Now you can run nx solve aerodynamics, and Nx will handle caching and dependency ordering automatically. Use outputs to specify which files are cached (e.g., "outputs": ["{projectRoot}/output.json"]).

Step 5: Automate the Optimization Loop

The optimizer application can define a target that runs the entire MDO cycle. For example, a run-optimization target that executes the optimizer script, which in turn calls Nx tasks for each discipline via Node.js child processes or by using the Nx programmatic API. Because every discipline solver is an Nx task, the optimizer can leverage Nx’s runMany and cached results to accelerate iteration.

Step 6: Set Up CI with Affected Commands

In your CI pipeline (GitHub Actions, GitLab CI, etc.), use nx affected:lint, nx affected:test, and nx affected:build to run checks only on changed projects. For MDO, you may also want an nx affected:solve target that reruns only the solvers for changed disciplines. This dramatically reduces feedback time.

Case Study 1: Aerodynamic and Structural Optimization of an Aircraft Wing

Consider a multidisciplinary team working on a new aircraft wing. The project involves three primary disciplines: aerodynamics (to predict lift and drag), structures (to ensure strength and weight constraints are met), and an optimization algorithm that adjusts wing shape parameters. Without Nx, engineers would maintain separate repositories for each solver, manually transfer geometry files, and run the optimization loop with ad‑hoc scripts. With Nx, the setup is unified.

The workspace contains:

  • wing-geometry – a library that defines the wing shape (airfoil coordinates, twist distribution, etc.). It outputs a JSON file used by both solvers.
  • aero-solver – a library with an executor that runs a CFD code (e.g., OpenFOAM or SU2). It depends on wing-geometry.
  • struct-solver – a library with an executor that runs a finite element solver (e.g., CalculiX or Abaqus). It also depends on wing-geometry.
  • mdo-orchestrator – an application that runs the optimization loop (e.g., using a surrogate model or direct search). It depends on both solvers.

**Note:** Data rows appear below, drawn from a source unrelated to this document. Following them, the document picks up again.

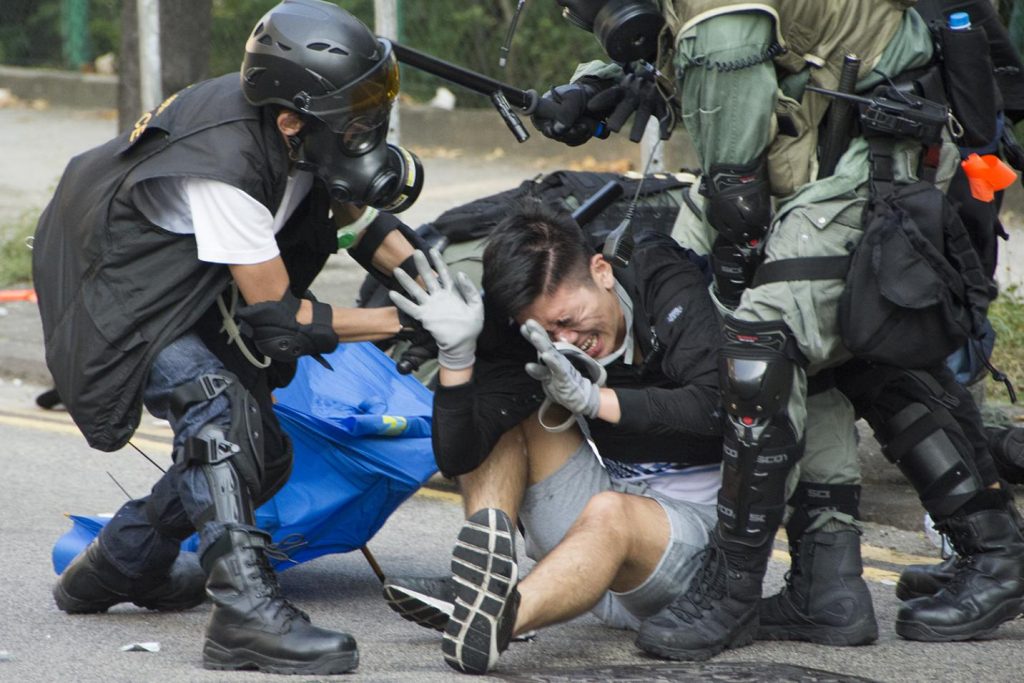 2019年10月1日，警察於黃大仙拘捕示威者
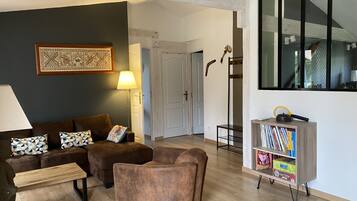 Télévision, lecteur de DVD, livres, médiathÚque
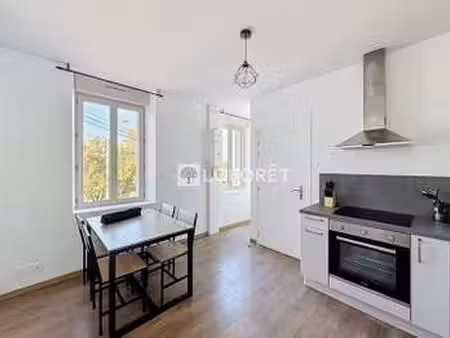 location appartement 3 pièces meublé à thouars (79100) : à louer 3 pièces meublé / 43m² th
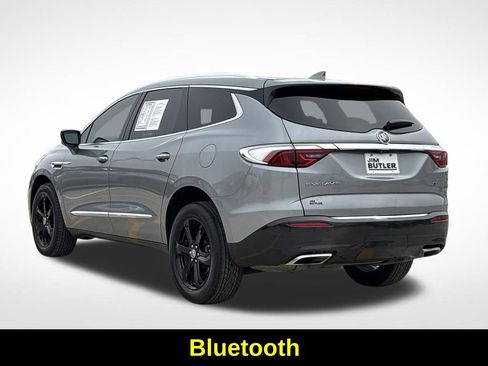 Used 2023 Buick Enclave Essence w/ Sport Touring Edition image 4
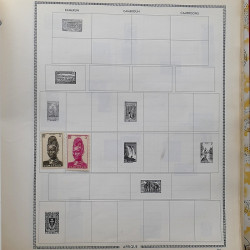 Vrac de timbres France et Monde neufs et oblitérés en un carton.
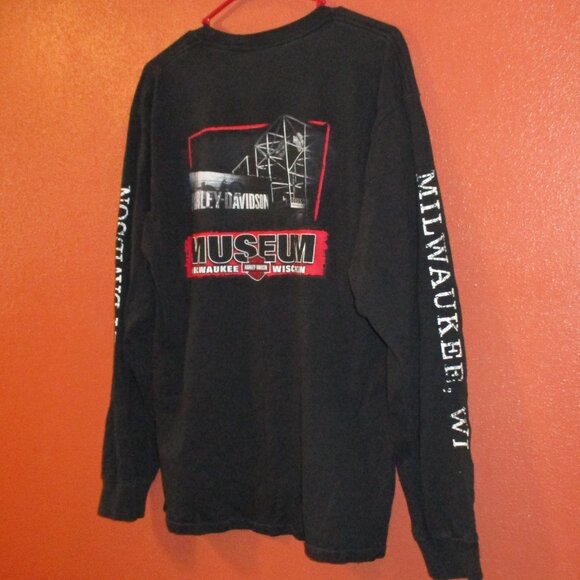 Harley Davidson Museum Men Large Black Red White Graphic Long Sleeve Shirt - Picture 9 of 12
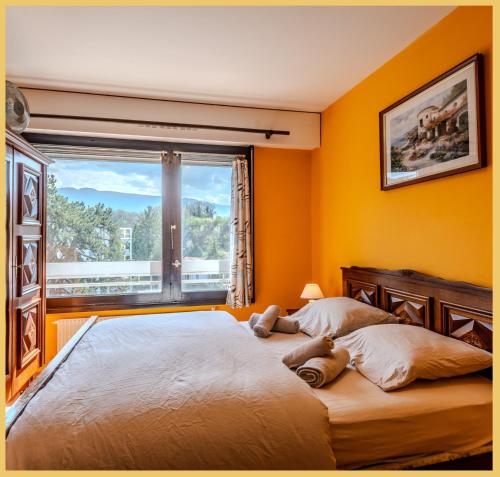 une femme dormant sur un lit dans une chambre avec fenêtre dans l'établissement Chez Soze I T2 I Saint-Julien-en-Genevois, à Saint-Julien-en-Genevois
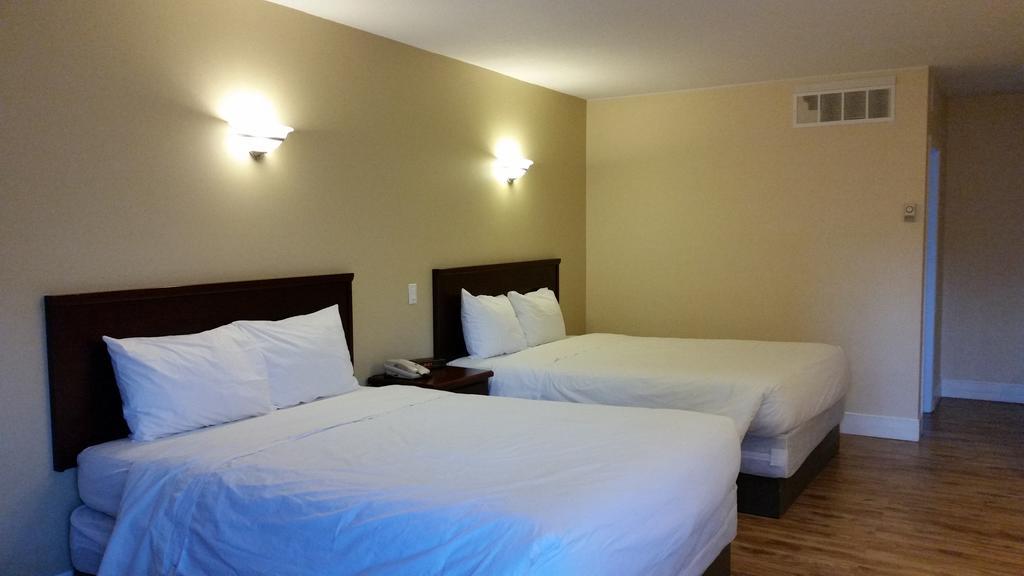 Comox Valley Inn & Suites กูร์เตอเนย์ ภายนอก รูปภาพ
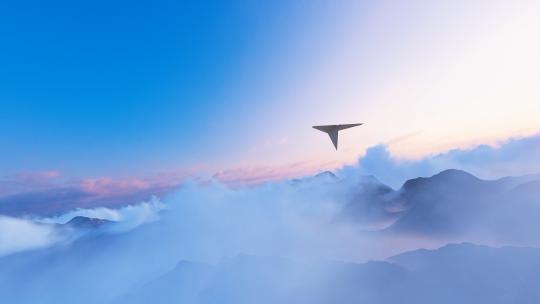 纸飞机飞入云层 梦想飞向远方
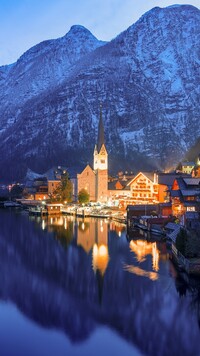 Oświetlony kościół i domy w Hallstatt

When an engineer updates the wing‑geometry library, Nx marks both solvers as affected. The next optimization iteration (via nx run mdo-orchestrator:optimize) automatically rebuilds or re‑caches the solvers. The iterative optimization becomes fast because Nx caches solver outputs for given geometry inputs. If the geometry reverts to an earlier version, the cache is reused without recomputation. This results in a 60–80% reduction in total optimization time compared to a non‑cached workflow.

Case Study 2: Automotive Thermal and Structural Optimization

In automotive engineering, an EV battery pack must be optimized for thermal management and structural crashworthiness simultaneously. The disciplines are thermal simulation (CFD/heat transfer) and structural simulation (FEA). They share a common CAD model of the battery pack. Nx is used to create a monorepo that includes:

  • battery-cad – a library that manages the parametric CAD model (exported as STEP or mesh).
  • thermal-solver – a library using an executor for a thermal solver (e.g., Star‑CCM+ or a custom Python script).
  • crash-solver – a library with an executor for an explicit dynamics solver (e.g., LS‑DYNA).
  • optimizer – an application that runs a multi‑objective genetic algorithm.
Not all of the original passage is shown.